### MATERIAL FOR THIS TASK

- - - - -

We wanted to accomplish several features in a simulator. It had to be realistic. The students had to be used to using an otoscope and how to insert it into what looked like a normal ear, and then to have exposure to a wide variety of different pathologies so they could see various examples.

- - - - -

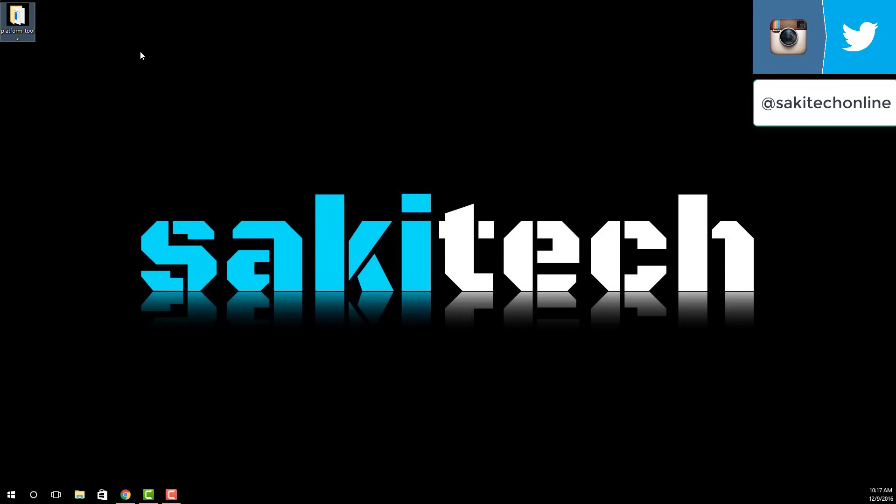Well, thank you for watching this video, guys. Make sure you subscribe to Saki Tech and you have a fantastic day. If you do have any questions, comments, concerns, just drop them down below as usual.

- - - - -

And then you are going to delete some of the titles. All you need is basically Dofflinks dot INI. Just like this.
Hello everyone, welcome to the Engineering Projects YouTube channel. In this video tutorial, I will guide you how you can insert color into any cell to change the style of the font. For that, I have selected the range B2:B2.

- - - - -

### TASK INSTRUCTIONS
Show me every line of the entries above that holds "like".

### ANSWER FOR THIS EXERCISE
We wanted to accomplish several features in a simulator. It had to be realistic. The students had to be used to using an otoscope and how to insert it into what looked like a normal ear, and then to have exposure to a wide variety of different pathologies so they could see various examples.
And then you are going to delete some of the titles. All you need is basically Dofflinks dot INI. Just like this.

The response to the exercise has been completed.